Die Bedeutung der Erlaubnispflicht
In Deutschland dürfen Anbieter Finanzgeschäfte oder den Handel mit digitalen Werten nur dann betreiben, wenn sie eine offizielle Zulassung der BaFin besitzen. Diese Behörde prüft vorab sehr genau, ob ein Unternehmen finanziell stabil ist und ob die Verantwortlichen die nötige Zuverlässigkeit besitzen. Weil Verto diese Erlaubnis offensichtlich nicht vorweisen kann, entfallen für Kunden sämtliche gesetzlichen Schutzmechanismen wie etwa die Einlagensicherung. Somit agieren Anleger in einem unregulierten Raum, was im schlimmsten Fall zum Totalverlust der eingezahlten Summen führt.
Maßnahmen für betroffene Anleger
Wer bereits Geld bei Verto investiert hat, sollte nun schnell und besonnen reagieren.

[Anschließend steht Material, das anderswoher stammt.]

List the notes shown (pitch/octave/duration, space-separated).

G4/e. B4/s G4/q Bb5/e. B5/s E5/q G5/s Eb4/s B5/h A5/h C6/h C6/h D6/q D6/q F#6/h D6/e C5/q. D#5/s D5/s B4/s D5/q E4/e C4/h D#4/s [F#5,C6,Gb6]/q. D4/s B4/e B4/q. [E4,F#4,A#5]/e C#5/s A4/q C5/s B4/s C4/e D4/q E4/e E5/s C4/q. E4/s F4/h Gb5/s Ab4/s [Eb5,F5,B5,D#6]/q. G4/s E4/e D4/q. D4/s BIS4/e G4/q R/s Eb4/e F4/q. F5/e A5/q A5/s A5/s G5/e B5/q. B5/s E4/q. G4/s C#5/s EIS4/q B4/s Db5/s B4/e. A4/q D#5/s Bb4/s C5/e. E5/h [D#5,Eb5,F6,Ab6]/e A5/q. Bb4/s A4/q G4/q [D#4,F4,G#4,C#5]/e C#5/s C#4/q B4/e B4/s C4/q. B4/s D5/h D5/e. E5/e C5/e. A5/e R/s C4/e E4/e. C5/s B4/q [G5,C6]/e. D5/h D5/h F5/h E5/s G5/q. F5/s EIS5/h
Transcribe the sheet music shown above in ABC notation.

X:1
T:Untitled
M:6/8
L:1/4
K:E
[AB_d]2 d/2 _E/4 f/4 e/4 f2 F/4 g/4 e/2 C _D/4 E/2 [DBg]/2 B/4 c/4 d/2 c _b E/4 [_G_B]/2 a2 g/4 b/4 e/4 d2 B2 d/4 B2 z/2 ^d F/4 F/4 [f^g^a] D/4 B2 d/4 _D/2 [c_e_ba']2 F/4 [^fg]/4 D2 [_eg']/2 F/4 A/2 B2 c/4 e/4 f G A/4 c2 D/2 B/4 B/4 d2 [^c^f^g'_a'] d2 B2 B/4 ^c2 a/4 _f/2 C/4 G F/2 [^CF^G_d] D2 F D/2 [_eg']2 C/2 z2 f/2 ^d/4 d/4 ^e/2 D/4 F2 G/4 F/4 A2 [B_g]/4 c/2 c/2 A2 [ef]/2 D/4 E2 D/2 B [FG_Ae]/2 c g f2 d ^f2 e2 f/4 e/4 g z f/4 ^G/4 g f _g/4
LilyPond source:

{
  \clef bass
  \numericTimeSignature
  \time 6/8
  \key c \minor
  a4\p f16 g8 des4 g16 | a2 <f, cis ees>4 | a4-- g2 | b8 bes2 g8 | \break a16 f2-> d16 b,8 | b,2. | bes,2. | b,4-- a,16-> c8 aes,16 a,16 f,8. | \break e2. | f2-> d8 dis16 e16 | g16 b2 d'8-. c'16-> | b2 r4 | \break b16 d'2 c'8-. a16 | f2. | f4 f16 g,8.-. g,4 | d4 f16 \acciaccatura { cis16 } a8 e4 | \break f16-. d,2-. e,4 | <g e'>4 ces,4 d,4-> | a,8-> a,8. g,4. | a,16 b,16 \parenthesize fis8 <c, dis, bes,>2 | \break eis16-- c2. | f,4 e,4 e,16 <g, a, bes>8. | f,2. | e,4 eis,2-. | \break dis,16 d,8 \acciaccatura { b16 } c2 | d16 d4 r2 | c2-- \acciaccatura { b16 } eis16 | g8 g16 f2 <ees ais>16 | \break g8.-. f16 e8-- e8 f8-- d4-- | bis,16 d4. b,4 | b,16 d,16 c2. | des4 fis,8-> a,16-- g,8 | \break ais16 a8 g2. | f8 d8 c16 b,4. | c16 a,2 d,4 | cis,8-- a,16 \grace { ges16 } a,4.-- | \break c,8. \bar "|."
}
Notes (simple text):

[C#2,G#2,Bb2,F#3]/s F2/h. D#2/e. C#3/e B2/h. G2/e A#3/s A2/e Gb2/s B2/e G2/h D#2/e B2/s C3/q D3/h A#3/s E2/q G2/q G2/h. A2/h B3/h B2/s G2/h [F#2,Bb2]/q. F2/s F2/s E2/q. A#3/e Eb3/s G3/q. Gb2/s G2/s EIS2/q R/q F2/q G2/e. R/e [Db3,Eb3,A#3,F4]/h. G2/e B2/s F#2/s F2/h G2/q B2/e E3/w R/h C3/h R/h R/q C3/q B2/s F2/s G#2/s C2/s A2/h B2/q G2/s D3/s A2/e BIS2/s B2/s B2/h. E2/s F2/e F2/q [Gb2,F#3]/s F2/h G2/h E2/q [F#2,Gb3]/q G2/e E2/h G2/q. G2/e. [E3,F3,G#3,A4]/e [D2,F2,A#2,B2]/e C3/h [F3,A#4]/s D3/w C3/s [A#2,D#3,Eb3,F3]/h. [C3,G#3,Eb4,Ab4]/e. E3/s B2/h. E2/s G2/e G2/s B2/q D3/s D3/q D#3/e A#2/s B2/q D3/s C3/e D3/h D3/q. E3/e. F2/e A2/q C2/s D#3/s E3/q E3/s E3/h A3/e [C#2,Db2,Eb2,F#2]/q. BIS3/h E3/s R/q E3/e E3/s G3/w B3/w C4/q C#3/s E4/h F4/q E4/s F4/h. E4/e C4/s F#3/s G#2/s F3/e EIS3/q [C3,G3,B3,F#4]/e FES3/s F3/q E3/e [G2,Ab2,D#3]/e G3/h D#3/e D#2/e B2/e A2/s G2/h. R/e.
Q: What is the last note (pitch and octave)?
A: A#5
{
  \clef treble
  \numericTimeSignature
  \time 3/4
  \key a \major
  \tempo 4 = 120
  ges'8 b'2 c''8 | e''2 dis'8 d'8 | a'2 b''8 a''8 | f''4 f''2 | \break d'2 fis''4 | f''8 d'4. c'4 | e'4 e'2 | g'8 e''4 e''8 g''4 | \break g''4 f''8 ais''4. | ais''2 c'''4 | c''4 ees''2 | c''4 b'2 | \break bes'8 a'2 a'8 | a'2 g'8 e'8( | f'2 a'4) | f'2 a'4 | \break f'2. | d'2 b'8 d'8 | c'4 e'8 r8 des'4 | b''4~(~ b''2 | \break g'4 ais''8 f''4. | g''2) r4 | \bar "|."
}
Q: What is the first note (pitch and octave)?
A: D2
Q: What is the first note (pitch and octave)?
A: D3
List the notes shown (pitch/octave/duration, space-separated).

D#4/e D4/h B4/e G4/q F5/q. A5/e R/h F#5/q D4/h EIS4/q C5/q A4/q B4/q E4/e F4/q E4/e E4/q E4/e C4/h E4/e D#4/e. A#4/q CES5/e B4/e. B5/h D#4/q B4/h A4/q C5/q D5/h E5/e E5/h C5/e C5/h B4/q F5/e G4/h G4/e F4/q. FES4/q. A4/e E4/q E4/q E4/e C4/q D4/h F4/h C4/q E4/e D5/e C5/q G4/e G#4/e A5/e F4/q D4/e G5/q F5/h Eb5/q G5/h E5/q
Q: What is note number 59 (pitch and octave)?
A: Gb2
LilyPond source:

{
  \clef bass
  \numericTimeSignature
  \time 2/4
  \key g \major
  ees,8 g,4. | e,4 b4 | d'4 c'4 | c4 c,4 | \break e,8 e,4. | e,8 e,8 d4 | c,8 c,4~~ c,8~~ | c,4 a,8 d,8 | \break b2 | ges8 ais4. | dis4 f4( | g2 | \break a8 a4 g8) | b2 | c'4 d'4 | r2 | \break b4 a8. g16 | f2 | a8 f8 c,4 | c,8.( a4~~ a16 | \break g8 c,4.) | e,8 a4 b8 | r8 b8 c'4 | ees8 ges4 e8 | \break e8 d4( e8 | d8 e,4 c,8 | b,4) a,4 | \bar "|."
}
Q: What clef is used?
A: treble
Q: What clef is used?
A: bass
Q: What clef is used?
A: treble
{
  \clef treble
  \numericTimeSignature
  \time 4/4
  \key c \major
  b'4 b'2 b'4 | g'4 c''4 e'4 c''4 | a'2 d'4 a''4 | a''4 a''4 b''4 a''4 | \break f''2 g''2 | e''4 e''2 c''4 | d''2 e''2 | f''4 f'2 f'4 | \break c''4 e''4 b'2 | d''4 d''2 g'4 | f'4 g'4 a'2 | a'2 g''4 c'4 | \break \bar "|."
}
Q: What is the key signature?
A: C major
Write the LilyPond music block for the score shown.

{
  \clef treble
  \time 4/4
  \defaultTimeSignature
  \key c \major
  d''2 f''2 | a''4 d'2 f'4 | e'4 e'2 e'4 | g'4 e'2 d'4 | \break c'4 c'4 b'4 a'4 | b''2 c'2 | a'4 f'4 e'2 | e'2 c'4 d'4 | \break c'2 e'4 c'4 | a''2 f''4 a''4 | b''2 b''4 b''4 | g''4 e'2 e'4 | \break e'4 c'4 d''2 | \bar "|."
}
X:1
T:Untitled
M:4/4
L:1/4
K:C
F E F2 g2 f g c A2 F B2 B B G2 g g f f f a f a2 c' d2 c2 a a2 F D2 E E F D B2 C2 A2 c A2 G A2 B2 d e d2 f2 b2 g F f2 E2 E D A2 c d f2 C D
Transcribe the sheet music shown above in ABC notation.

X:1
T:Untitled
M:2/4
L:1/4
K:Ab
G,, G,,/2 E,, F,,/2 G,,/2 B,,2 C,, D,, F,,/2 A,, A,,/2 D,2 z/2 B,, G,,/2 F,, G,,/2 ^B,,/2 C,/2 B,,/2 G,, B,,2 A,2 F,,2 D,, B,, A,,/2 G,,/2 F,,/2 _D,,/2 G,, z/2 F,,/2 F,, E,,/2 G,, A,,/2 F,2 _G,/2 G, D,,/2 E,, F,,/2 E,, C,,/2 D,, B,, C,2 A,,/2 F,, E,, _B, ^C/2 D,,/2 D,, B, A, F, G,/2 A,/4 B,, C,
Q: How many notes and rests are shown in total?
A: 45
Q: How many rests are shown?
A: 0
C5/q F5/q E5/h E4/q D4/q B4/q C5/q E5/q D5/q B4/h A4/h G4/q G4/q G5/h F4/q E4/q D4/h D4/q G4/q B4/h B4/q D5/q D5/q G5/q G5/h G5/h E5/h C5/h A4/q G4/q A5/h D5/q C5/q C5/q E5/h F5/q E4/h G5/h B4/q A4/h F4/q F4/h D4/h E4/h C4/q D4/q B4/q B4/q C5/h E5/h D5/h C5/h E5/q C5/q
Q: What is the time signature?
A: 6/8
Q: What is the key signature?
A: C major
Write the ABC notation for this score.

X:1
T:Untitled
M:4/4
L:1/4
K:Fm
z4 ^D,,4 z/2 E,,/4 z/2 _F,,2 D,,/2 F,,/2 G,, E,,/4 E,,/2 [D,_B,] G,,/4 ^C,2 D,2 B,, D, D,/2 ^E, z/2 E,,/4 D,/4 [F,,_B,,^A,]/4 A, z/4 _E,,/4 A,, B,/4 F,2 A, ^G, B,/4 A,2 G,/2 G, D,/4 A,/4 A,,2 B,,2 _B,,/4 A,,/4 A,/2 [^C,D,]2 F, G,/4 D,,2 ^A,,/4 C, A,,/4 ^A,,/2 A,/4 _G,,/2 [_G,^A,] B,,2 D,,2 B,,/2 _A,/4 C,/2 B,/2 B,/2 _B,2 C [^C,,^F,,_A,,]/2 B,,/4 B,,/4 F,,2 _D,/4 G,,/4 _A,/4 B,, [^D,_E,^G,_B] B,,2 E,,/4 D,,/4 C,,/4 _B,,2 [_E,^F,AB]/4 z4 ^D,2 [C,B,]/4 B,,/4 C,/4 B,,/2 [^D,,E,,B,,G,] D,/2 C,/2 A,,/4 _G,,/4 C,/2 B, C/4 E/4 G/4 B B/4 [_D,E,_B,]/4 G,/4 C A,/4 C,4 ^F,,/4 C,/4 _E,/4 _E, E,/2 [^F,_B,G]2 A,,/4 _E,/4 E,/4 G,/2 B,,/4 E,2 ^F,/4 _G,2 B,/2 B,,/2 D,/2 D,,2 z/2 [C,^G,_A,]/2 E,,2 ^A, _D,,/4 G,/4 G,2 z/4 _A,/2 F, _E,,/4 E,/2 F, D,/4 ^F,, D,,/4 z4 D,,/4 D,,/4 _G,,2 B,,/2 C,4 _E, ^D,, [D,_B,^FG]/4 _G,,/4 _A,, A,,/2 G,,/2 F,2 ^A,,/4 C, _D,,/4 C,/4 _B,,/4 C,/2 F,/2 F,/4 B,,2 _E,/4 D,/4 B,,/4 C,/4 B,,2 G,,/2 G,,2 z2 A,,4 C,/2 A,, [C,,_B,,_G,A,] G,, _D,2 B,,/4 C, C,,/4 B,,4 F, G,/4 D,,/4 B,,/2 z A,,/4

Zuerst empfiehlt sich eine lückenlose Sicherung aller Beweise, wozu insbesondere Überweisungsbelege, Chatverläufe und E-Mails gehören. Da es sich bei unerlaubten Finanzgeschäften oft um rechtlich komplexe Sachverhalte handelt, ist die Prüfung von Schadensersatzansprüchen ratsam. Zudem steht die Verbraucherhotline der BaFin für erste Informationen bereit, während spezialisierte Stellen bei der rechtlichen Durchsetzung von Forderungen helfen.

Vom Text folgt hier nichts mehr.